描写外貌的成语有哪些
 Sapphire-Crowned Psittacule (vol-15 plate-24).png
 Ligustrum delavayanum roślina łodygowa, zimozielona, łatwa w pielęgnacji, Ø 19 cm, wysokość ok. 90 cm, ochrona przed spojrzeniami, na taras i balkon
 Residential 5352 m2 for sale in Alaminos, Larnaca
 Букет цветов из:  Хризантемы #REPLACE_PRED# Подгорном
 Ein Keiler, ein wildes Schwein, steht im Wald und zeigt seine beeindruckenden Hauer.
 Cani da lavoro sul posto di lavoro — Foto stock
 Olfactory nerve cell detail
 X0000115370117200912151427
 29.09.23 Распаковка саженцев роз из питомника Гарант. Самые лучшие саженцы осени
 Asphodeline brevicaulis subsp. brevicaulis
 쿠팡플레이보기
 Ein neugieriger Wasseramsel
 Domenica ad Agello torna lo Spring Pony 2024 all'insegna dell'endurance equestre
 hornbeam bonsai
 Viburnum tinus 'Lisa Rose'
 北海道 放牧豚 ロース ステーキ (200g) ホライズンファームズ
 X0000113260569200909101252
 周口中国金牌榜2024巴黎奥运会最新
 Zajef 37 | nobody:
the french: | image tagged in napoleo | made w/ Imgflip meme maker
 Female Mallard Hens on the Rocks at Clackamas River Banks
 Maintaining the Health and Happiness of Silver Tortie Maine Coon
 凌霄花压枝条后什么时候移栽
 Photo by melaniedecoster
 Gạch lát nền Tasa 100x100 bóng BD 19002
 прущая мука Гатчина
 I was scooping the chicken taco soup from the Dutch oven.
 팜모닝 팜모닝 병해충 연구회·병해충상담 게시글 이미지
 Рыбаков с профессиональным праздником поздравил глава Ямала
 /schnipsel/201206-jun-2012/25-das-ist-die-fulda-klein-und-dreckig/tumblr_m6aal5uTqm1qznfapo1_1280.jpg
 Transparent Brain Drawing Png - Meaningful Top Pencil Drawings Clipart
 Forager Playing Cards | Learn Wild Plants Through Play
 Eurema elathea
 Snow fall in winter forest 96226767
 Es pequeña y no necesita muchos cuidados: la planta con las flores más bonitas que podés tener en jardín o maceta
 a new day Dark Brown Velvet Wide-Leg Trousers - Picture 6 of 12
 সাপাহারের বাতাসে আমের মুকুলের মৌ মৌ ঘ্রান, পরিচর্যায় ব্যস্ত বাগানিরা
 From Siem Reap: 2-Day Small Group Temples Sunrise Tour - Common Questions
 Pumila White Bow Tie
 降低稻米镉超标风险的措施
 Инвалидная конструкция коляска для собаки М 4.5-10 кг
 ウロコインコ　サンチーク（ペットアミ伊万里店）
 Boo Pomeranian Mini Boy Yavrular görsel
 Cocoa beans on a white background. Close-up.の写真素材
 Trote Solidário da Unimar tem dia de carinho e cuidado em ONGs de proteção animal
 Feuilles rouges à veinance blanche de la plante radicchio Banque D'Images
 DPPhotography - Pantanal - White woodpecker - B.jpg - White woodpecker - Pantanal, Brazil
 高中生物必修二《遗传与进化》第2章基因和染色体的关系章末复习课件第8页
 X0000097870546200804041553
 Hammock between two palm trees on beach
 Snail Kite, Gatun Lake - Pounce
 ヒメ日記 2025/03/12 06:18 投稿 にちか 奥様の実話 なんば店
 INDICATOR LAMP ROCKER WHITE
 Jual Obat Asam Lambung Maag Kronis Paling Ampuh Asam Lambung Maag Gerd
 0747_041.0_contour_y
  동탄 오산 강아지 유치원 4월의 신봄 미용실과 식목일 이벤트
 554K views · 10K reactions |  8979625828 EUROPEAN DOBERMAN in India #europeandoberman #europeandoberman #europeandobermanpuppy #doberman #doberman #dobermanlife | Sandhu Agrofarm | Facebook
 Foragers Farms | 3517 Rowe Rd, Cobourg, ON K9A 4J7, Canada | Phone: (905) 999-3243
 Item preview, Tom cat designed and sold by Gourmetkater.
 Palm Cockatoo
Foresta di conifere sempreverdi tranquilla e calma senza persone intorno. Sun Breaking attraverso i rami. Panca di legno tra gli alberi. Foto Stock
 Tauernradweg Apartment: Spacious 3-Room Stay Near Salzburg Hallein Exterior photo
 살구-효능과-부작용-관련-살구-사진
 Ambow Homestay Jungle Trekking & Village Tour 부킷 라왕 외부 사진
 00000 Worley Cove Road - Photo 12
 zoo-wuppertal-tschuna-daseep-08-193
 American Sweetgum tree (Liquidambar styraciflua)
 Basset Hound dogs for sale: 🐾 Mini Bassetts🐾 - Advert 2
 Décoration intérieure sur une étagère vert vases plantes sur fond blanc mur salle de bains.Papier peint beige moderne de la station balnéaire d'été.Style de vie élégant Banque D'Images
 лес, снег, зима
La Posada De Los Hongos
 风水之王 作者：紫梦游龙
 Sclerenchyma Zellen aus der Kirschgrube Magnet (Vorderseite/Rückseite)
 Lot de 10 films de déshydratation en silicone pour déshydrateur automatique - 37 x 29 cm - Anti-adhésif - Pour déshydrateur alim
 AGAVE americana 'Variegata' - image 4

#### [EXERCISE]
Everything starting at the line containing "Viburnum tinus 'Lisa Rose'" and ending at the line containing "a new day Dark" in the records above should be repeated exactly, and only that.

#### [RESPONSE]
 Viburnum tinus 'Lisa Rose'
 北海道 放牧豚 ロース ステーキ (200g) ホライズンファームズ
 X0000113260569200909101252
 周口中国金牌榜2024巴黎奥运会最新
 Zajef 37 | nobody:
the french: | image tagged in napoleo | made w/ Imgflip meme maker
 Female Mallard Hens on the Rocks at Clackamas River Banks
 Maintaining the Health and Happiness of Silver Tortie Maine Coon
 凌霄花压枝条后什么时候移栽
 Photo by melaniedecoster
 Gạch lát nền Tasa 100x100 bóng BD 19002
 прущая мука Гатчина
 I was scooping the chicken taco soup from the Dutch oven.
 팜모닝 팜모닝 병해충 연구회·병해충상담 게시글 이미지
 Рыбаков с профессиональным праздником поздравил глава Ямала
 /schnipsel/201206-jun-2012/25-das-ist-die-fulda-klein-und-dreckig/tumblr_m6aal5uTqm1qznfapo1_1280.jpg
 Transparent Brain Drawing Png - Meaningful Top Pencil Drawings Clipart
 Forager Playing Cards | Learn Wild Plants Through Play
 Eurema elathea
 Snow fall in winter forest 96226767
 Es pequeña y no necesita muchos cuidados: la planta con las flores más bonitas que podés tener en jardín o maceta
 a new day Dark Brown Velvet Wide-Leg Trousers - Picture 6 of 12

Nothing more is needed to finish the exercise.